■ Task prompt:
From the material below, retype exactly the lines that begin at the line with "Шкаф металлический для" and end after the line with "Silver Perndant Michele"; pictures stay out of the copy.

■ Extracted data:
*** Block opens ***

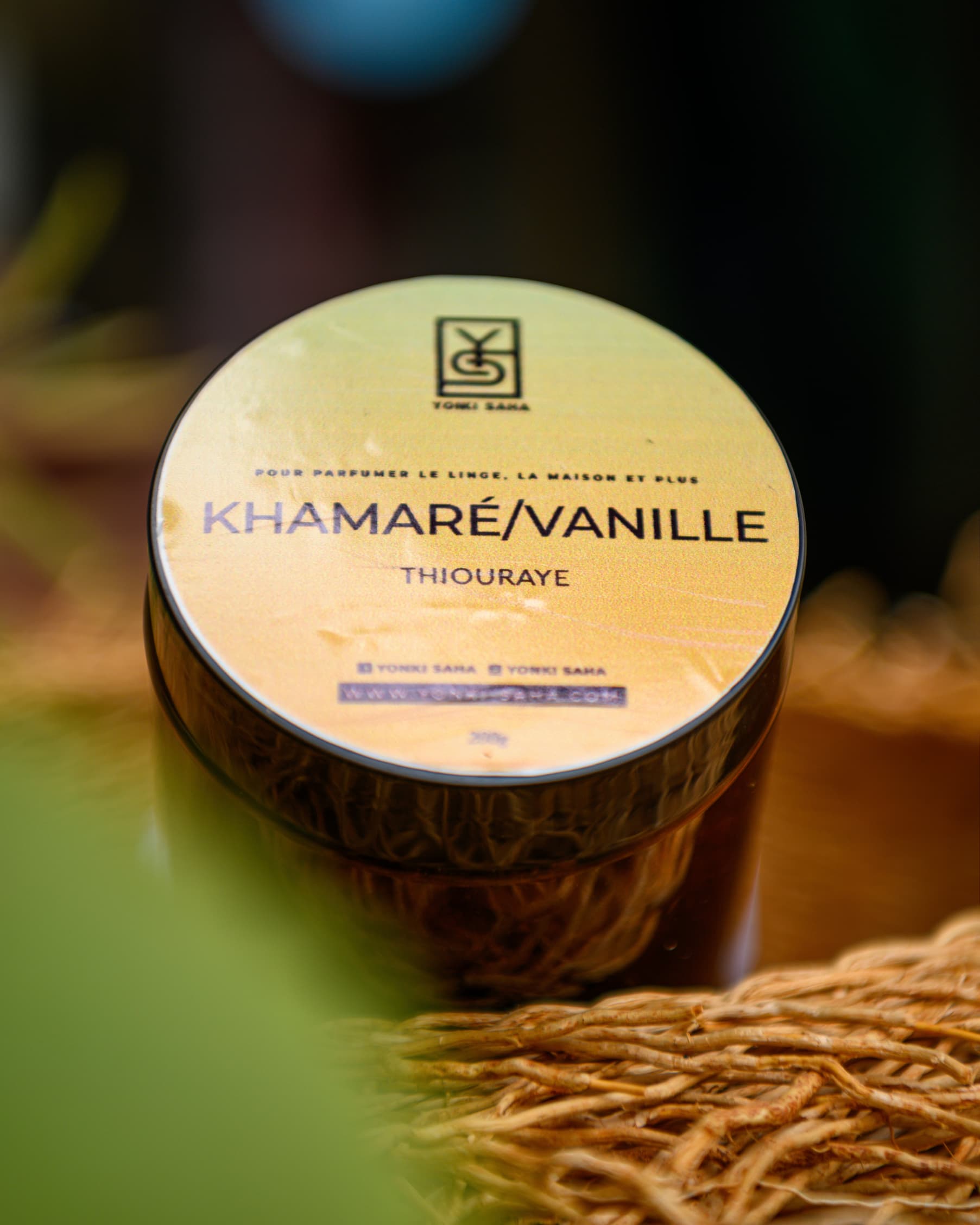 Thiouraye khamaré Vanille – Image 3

*** Block closes ***
*** Block opens ***

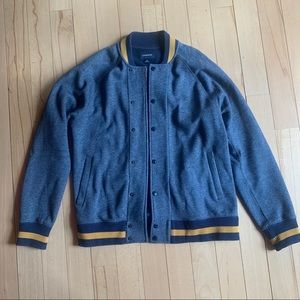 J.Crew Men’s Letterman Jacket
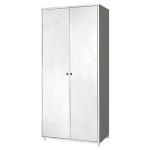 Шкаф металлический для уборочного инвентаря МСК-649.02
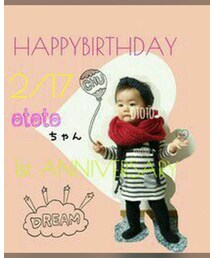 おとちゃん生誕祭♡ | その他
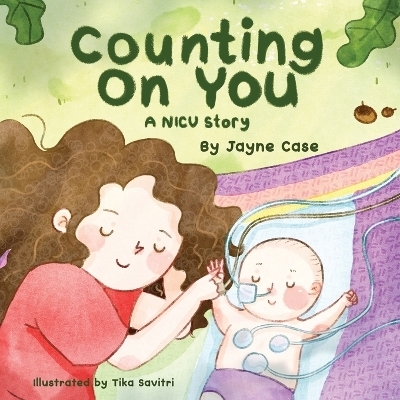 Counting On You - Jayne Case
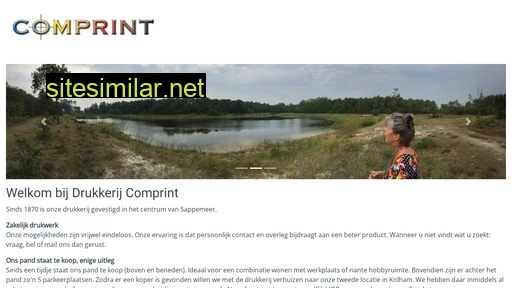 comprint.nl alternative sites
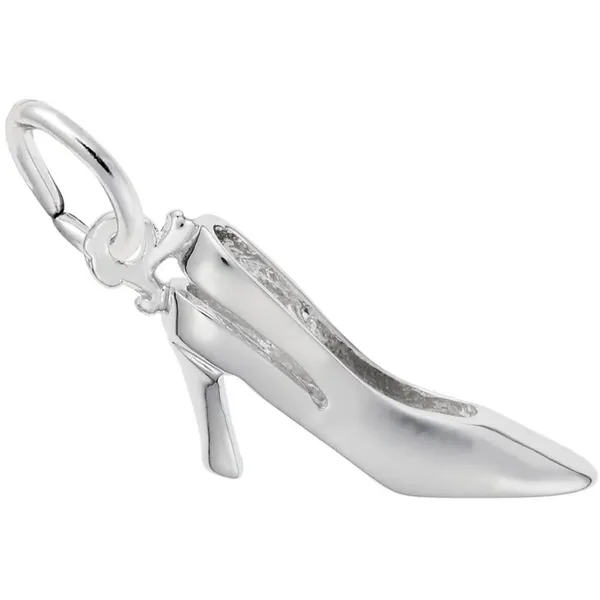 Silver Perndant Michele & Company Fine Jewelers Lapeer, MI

*** Block closes ***

■ Task solution:
 Шкаф металлический для уборочного инвентаря МСК-649.02
 おとちゃん生誕祭♡ | その他
 Counting On You - Jayne Case
 comprint.nl alternative sites
 Silver Perndant Michele & Company Fine Jewelers Lapeer, MI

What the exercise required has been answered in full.